Types of Commercial Real Estate
- Office Buildings – This type of commercial real estate produces large profits. Office tenants usually sign longer leases. This mean that there a potential income that can be expected for a longer period of time. However, when it becomes vacant, it takes longer to find tenants. Thus, there is longer period of time when no income can be received from the office space. Some office buildings include the business parks and towers, skyscrapers and small professional office buildings.
- Retailer Stores – These are commercial buildings with tenants who do business in buy and sell. This includes shopping centers and malls, grocery stores and outlet malls. Some commercial real estate are privately owned by big companies and corporations and the lease out spaces for small businessmen to do business within their building.

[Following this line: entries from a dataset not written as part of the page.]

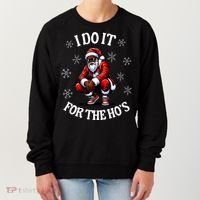 I Do It For The Hos African American Christmas Afro Santa Women's Sweatshirt thumb 0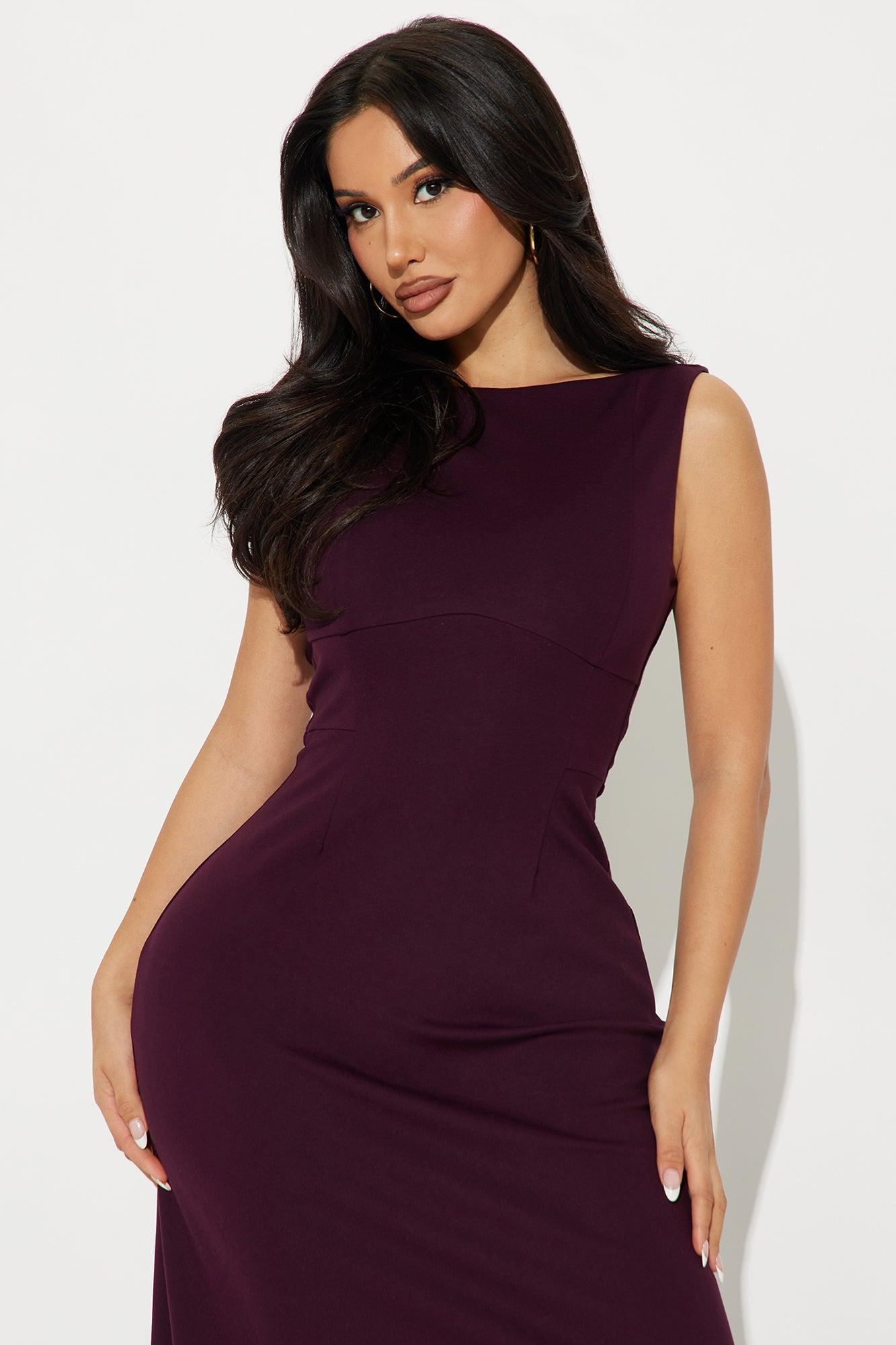 Taylor Backless A Line Maxi Dress - Plum Product Image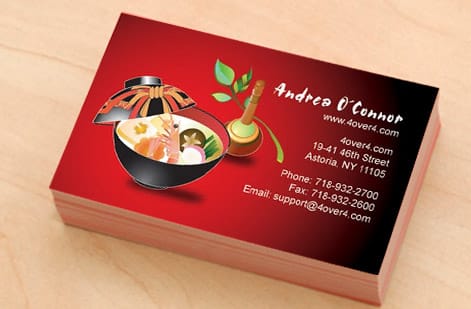 Business cards on varied stocks and finishes from 4OVER4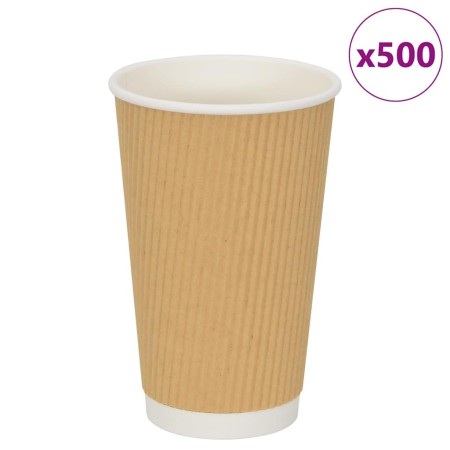 Tazas de café de papel 500 uds 16oz 400ml marrón de , Vasos desechables - Ref: Foro24-4102801, Precio: 81,65 €, Descuento: %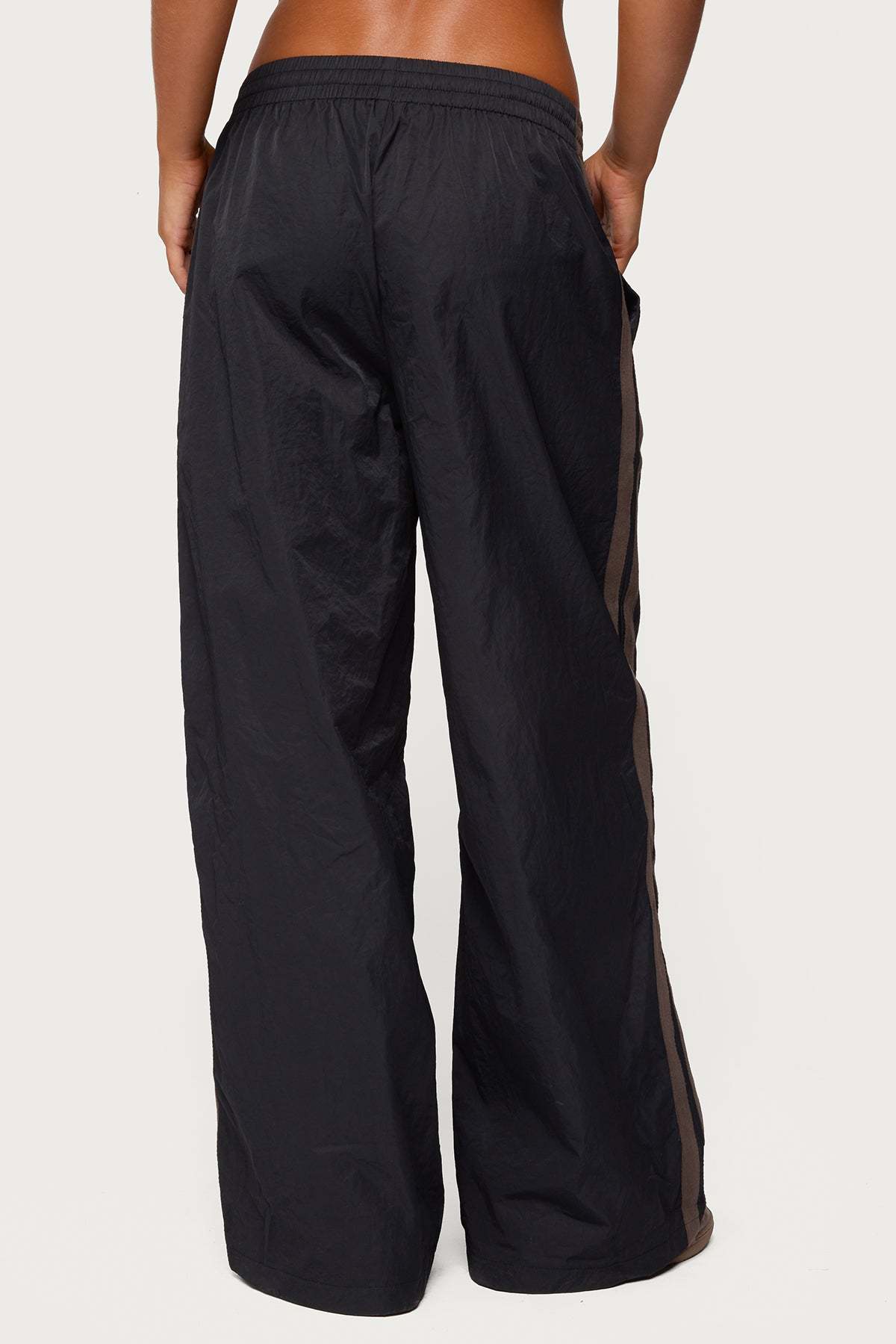 Kieran Stripey Nylon Track Pants - BLACK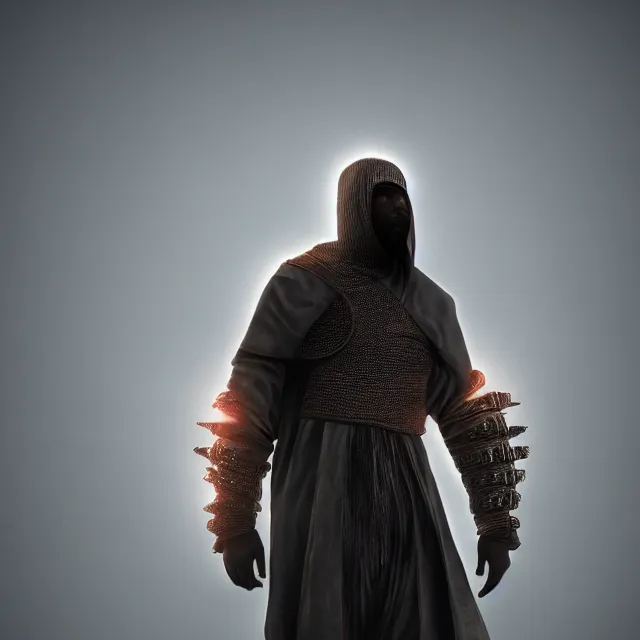 Image similar to yeezus era kanye with maison mariela mask reimagined as a boss in dark souls, dark cinematic, volumetric, realistic, cinematic lighting, ray tracing, unreal engine 5, unreal engine render, octane render, hyper realistic, photo, 8 k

- Restaurants – This kind of commercial real estate do business providing food and coffee drinks for their customers. They requires bigger space for tables and chairs and a section for preparing and cooking the food.
- Hospitals – They are considered commercial real estate because they do business treating patients and gain profit.
- Warehouse and Storage – These commercial real estate is intended for storing products while there are still stocks in the retailer store. Some warehouses are used to dispatch orders to customers. Other storage buildings are large freezers to keep products fresh and prevent spoiling.
- Vacant lands – These are potential sources of income and profit when they will be developed for commercial purposes.
Elements of an Investment in Commercial Real Estate
- Cash inflows – is money received from the property. This includes rent, operating expenses recovery, fees, proceeds from sale, tax benefits, depreciation and tax credits.
- Cash Outflow – is money put into the estate, such as initial investment, operating expenses and taxes, capital expenses and tenant leasing cost and cost upon sale.
- Timing of cash flows – It is important to determine when cash inflows and outflows happens so that they can be predicted. The amount of cash inflows and outflows must also be predicted to determine success.
- Risk – This is dependent on the condition of the market, the tenants currently occupying the building and the possibility of them renewing their leases every year.